Alzheimer disease (AD), Lewy body variant of Alzheimer disease (LBV), and the frontotemporal dementias (FTD) are a class of adult-onset neurodegenerative dementias characterized by the intracellular and/or extracellular accumulation of proteins which assemble into β-pleated sheet fibrils.
Missense mutations in the β-amyloid precursor protein (βAPP) gene on chromosome 21, in the presenilin 1 (PS1) gene on chromosome 14, and the presenilin 2 (PS2) on chromosome 1, are associated with early-onset forms of familial Alzheimer disease. Mutations in these genes result in altered processing of βAPP and the relative overproduction of either all forms of the β-amyloid peptide or specific overproduction of isoforms ending at residue 42.

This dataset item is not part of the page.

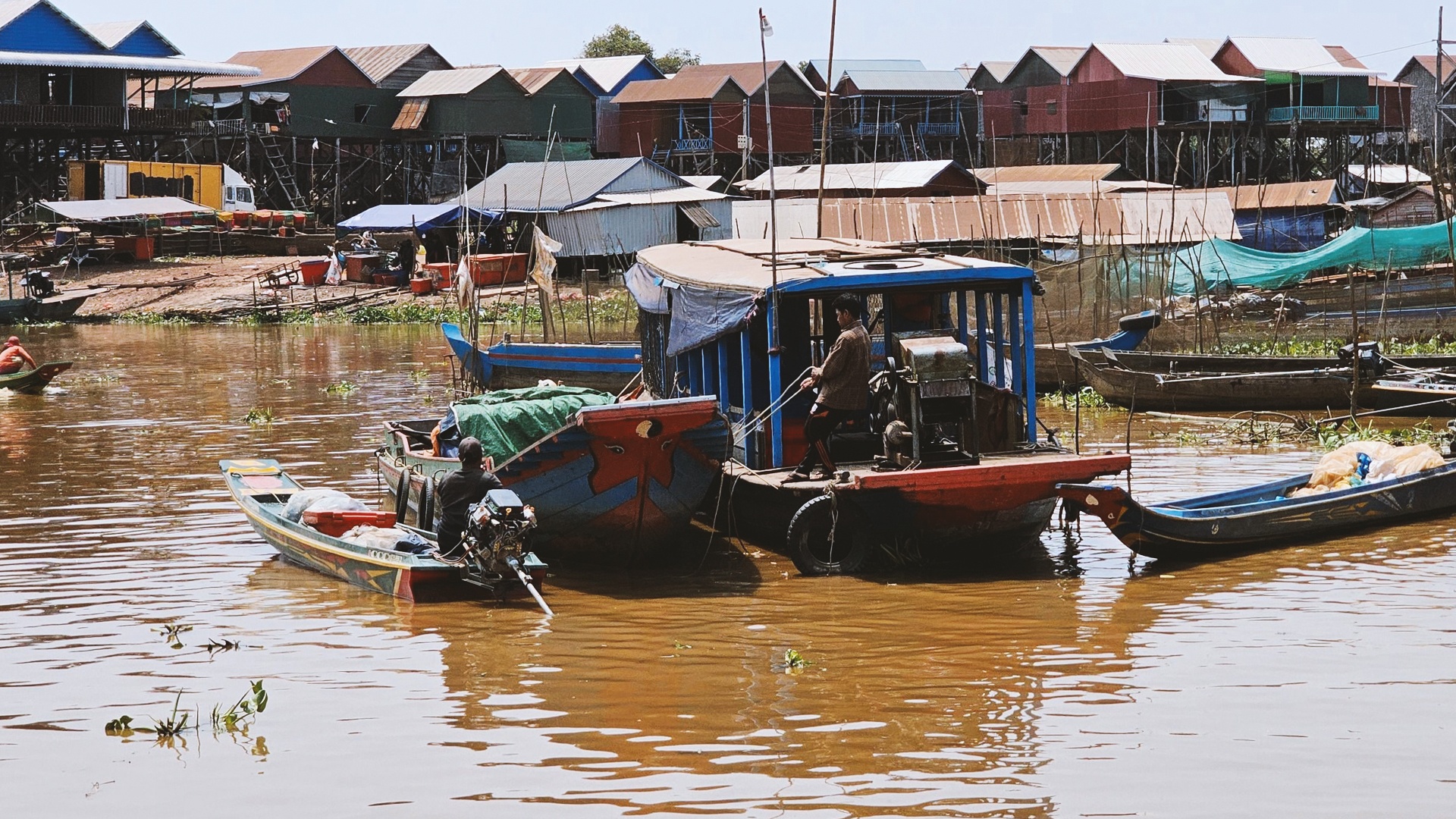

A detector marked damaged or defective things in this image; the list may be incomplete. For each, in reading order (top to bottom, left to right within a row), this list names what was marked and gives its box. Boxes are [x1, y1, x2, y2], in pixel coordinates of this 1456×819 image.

rusty metal roof [194, 46, 340, 88]
rusty metal roof [341, 44, 443, 85]
rusty metal roof [977, 163, 1128, 184]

The ∊4 (Cys112Arg) variant of apolipoprotein E (APOE) is associated in a dose-dependent fashion with increased risk for late-onset Alzheimer disease (after age 55) and with Lewy body variant of Alzheimer disease. The inheritance of one or more APOE ∊4 alleles is not deterministic for AD, and the mechanism by which inheritance of one or more ∊4 alleles causes AD is unclear.

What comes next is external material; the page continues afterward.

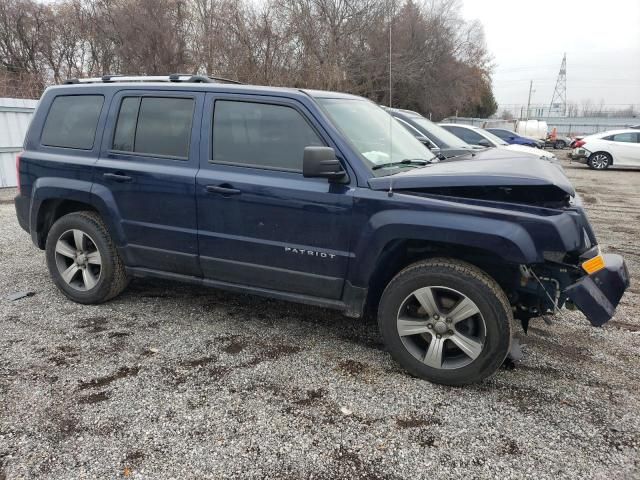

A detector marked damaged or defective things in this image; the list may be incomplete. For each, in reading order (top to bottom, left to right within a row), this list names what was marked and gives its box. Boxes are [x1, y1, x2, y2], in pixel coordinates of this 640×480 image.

Allelic association studies have identified several putative candidate genes in which nucleotide sequence variants have been associated with AD. These studies have received only partial replication, and the true role of these candidate genes in AD remains unclear.

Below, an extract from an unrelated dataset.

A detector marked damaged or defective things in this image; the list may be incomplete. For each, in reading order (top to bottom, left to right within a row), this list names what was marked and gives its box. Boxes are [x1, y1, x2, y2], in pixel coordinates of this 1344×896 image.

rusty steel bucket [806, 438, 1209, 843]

Hyperphosphorylated forms of the microtubule-associated protein Tau are consistent neuropathologic features of AD, LDV, and FTD. Coding region and splice-site mutations in the Tau gene on chromosome 17 are associated with a subtype of frontotemporal dementia (FTDP-17). These mutations probably affect filament assembly by several different mechanisms including alterations in the sequence of microtubule binding sites and alterations in the relative abundance of longer (4 repeat) isoforms of Tau relative to shorter (3 repeat) isoforms.
The currently identified genes associated with inherited risk for these diseases represent approximately half of the probable genetic factors causing these diseases. As the remaining susceptibility genes are identified, they will likely contribute to a more complete understanding of the pathogenesis of these disorders.